Cela dit chez moi les dvd zone 1 ne marchent pas avec VLC....


----------



## kassk8 (31 Mars 2010)

Perso chuis Canada. Mon lecteur est bloqué le gros B....D !!

Quand je place un dvd zone 1 que je lance VLC ... et bien rien !
Il faut que je dézone ... j'ai trouvé une piste ... je vais essayer !

... j'ai trouvé ça ils sont complet mais je suis au Canada et que je n'ai pas pris ma sauvegarde ni mes logiciels ... ben je ne touche pas à mon ordi.

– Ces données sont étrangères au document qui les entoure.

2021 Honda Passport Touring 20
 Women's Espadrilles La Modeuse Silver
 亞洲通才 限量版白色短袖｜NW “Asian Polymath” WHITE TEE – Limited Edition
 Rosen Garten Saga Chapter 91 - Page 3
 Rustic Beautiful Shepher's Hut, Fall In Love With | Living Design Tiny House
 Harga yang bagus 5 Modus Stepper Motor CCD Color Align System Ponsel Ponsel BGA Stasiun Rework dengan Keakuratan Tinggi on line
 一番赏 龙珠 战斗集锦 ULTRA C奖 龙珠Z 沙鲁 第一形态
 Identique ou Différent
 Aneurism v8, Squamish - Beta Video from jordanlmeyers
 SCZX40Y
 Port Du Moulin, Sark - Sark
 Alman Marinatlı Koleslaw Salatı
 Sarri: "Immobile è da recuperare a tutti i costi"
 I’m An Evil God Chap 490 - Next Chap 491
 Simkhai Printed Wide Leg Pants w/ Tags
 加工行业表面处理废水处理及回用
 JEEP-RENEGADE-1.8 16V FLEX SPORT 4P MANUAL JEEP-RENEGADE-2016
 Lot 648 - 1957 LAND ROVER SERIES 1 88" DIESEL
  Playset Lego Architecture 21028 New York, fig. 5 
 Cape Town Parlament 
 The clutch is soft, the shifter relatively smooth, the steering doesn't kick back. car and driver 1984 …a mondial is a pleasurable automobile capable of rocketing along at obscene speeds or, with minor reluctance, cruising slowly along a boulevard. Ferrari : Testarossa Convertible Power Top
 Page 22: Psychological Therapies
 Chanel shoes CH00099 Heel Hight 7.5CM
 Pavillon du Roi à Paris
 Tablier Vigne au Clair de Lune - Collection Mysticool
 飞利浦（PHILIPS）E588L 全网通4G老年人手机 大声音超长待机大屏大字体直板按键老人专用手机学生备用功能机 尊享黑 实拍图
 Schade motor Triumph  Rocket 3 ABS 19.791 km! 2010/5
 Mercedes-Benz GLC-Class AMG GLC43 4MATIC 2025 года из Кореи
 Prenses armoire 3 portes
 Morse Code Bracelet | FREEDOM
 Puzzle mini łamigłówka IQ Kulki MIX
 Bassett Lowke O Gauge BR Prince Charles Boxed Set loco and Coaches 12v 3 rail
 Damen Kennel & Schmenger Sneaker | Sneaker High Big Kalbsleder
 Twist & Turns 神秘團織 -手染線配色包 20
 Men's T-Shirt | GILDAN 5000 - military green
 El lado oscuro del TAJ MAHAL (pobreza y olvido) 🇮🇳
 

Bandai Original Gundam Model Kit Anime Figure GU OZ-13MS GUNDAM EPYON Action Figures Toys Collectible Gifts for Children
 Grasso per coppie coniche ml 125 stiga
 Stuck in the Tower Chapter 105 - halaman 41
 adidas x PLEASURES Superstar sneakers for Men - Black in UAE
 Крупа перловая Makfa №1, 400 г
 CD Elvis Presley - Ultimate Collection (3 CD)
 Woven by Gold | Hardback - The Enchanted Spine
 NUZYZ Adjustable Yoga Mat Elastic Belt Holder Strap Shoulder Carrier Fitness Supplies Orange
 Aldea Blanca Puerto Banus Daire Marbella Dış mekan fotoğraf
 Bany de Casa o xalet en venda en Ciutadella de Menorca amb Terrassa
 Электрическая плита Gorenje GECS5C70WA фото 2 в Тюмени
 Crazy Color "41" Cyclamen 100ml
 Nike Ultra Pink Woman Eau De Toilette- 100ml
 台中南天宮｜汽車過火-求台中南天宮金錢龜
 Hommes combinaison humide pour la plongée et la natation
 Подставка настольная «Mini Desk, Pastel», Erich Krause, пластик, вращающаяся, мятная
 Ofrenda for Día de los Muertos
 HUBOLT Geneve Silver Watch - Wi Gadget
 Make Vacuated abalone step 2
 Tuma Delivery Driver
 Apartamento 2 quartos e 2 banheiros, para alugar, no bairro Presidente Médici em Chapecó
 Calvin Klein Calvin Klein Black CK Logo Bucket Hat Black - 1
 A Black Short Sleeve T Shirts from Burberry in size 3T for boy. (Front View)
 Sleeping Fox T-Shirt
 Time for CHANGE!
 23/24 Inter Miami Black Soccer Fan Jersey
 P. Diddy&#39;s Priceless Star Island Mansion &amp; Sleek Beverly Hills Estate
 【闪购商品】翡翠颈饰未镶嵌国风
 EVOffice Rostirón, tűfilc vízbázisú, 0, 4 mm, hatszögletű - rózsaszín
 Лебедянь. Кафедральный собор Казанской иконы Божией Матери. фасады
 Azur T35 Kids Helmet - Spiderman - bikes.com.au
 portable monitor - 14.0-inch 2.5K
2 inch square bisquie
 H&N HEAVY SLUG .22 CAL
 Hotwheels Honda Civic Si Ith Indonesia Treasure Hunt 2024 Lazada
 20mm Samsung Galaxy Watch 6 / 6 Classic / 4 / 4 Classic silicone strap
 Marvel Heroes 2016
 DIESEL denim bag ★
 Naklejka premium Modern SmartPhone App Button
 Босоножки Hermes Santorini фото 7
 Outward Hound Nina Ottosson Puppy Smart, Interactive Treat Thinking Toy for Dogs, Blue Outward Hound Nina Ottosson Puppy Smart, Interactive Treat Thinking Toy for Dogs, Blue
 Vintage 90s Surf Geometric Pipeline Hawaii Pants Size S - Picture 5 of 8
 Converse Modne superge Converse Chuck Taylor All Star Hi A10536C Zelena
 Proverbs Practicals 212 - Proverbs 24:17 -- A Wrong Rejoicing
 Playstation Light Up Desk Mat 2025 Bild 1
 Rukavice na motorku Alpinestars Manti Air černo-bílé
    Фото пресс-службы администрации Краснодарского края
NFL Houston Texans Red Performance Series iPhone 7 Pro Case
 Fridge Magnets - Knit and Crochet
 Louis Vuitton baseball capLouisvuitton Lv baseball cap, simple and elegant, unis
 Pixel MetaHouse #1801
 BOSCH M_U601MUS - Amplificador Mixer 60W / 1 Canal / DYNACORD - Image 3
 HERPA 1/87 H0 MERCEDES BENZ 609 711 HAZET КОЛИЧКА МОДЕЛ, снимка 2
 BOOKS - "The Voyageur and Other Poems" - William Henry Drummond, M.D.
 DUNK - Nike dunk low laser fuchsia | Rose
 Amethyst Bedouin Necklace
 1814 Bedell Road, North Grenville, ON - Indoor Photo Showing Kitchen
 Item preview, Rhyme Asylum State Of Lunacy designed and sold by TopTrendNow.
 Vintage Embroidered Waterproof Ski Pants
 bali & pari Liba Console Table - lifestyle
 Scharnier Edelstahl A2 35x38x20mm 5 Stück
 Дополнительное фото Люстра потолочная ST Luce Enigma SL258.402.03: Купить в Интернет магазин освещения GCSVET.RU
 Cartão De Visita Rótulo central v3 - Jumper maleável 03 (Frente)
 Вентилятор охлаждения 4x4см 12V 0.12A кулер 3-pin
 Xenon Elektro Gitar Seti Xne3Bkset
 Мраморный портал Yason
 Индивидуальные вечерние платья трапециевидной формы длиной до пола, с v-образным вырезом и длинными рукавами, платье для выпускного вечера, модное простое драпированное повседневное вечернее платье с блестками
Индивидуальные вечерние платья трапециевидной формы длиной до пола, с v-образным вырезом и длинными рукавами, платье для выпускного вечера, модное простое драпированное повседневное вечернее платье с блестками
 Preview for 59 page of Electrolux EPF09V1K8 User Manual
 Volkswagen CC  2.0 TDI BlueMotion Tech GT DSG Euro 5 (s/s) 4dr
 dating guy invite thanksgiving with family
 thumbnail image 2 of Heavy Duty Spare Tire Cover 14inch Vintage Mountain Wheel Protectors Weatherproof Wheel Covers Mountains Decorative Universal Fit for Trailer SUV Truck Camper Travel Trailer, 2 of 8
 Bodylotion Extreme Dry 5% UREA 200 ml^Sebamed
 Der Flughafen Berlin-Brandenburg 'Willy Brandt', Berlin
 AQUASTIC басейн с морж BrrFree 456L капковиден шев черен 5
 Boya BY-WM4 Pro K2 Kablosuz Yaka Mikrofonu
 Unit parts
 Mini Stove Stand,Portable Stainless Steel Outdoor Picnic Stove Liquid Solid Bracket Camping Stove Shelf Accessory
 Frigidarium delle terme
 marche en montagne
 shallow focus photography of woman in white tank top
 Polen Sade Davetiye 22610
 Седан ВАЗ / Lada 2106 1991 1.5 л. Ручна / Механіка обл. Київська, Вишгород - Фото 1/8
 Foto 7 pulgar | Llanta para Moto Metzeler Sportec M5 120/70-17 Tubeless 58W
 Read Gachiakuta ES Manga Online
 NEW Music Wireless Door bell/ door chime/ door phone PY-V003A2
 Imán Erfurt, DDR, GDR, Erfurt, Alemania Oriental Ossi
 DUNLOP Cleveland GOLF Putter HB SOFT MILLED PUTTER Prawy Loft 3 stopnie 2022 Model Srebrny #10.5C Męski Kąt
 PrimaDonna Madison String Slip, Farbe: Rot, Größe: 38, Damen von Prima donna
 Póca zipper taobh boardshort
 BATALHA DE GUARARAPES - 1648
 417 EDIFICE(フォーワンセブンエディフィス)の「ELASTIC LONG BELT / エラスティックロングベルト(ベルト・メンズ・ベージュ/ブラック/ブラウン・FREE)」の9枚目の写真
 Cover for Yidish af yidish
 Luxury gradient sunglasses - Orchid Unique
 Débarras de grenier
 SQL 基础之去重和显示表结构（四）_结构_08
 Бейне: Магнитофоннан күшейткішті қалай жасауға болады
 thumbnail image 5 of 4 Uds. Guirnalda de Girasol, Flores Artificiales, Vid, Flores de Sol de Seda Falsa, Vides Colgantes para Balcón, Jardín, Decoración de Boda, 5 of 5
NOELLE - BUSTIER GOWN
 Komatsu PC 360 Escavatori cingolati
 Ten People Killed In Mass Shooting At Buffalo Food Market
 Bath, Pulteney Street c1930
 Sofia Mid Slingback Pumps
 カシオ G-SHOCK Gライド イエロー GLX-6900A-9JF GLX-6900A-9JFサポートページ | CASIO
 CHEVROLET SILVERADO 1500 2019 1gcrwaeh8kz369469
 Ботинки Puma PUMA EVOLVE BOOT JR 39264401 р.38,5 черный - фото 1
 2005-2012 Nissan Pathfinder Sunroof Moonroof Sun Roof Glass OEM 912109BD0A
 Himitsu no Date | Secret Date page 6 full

Cependant ... j'ai trouvé une solution qui m'a fait rire juste en pensant écrire ces lignes !!!

Et bien je ripe le dvd ... hihihi ... je peux ainsi voir le film tranquille ... en plus ça me permet d'aller faire les courses, déposé du linge à la laverie, préparer le diner, aller chercher le linge, finir de préparer le diner et enfin de regarder mon film ... 

Oui c'est drôle mais je n'ai pas d'autre solution moins risquée !

D'ailleurs pourquoi mon logiciel de ripe peut lire disque lui ?? Je sais pas, je sais pas ... sskuzé hein !!


----------